There will be a long list of the franchisee’s obligations to follow the business format and comply with guidelines regarding the use of the intellectual property. The franchise agreement will also set out the key financial obligations and what happens when the relationship comes to an end.
Should it be reviewed by a professional solicitor?
Absolutely! If you are going to buy a house, you would get a survey to ensure that the structure of the house and its foundations are sound. The same principle applies here – and investing in a franchise may cost a similar amount or more.
Franchising is a niche area of the law and it is important that you use a solicitor who is experienced in franchising, otherwise they will not be able to advise you comprehensively. You should consider using a solicitor who is an affiliate member of the BFA and also look at the legal directories (Legal 500 and Chambers UK), which rank law firms by sector (franchising being one such sector) on the basis of client feedback.
Are the agreement terms negotiable?
Typically, the terms are non-negotiable for business format franchise agreements, as a franchisor needs to maintain a uniform network and be fair to all of its franchisees. That being said, it may be that you can negotiate certain commercial terms, such as fees, or particular waivers, which would usually be set out in a side letter.
The scope of negotiation depends in part on the maturity or the franchise network, the strength of and demand for the brand, and the type of business opportunity.
Why then is it important to have it reviewed before signing?
Even if the terms are non-negotiable, you should understand what they are before you sign up to them. If you are investing a significant amount of capital (and potentially using your house as security), you should understand what you are getting in return, how long you are tied in for and what happens if you want to sell up or terminate. Forewarned is forearmed.
What happens if I break the terms of the agreement?
The franchisor will have the right to require you to remedy the breach (if it is remediable), and if it is not remedied in time (or the breach is irremediable), the franchisor will have the right to terminate the agreement and/or sue you for damages. It may also have other remedies at its disposal, such as re-drawing your territorial boundaries or withdrawing your exclusive rights.
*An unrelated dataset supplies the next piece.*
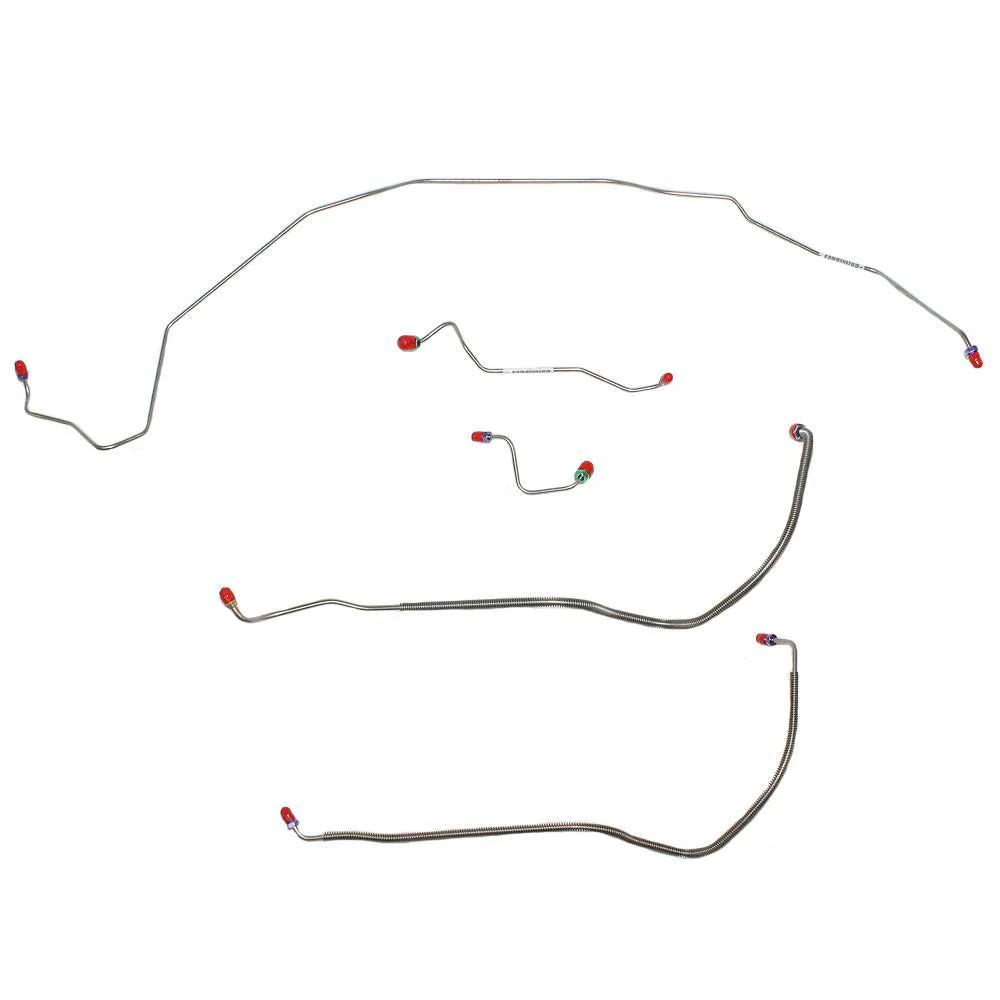 AKT7003- 70 Buick Skylark, GS/Oldsmobile Cutlass, 442/Pontiac Lemans, GTO; w/ Power Disc Brakes; 5pc Brake Line Set - Image 2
On termination, you will typically be required to sell the assets in your business to the franchisor and you will not be able to operate a competing business for at least 6-12 months post-termination.
It is therefore essential that you comply with the terms of the franchise agreement, follow the manual and maintain a good commercial relationship with your franchisor.
What if I think the franchisor has broken them?
You should raise the issue with the franchisor, but it that fails to resolve the situation, you should consult your franchise agreement and your solicitor. Typically, a franchisee will have very limited or no contractual rights to terminate, but a franchisee could sue for damages for breach of contract.
If the breach is so fundamental that you are effectively prevented from operating your business, you could rely on the common law principle of “repudiatory breach”, which would allow you to either stay as a franchisee but sue for damages; or terminate the agreement and sue for damages (and you would be free from all of your restrictive covenants). This right is available to you, regardless of what the contract says. However, this is a very narrow right and must be applied carefully to the facts, so it is essential that you obtain legal advice before taking action.
If the issue is system-wide, consider approaching your franchisor as part of a group of franchisees (but be wary of your confidentiality obligations under each franchise agreement), or instructing a solicitor to advise you as a group. Groups of franchisees will have a stronger bargaining position with the franchisor and will have more resources to spend on the necessary legal advice and support.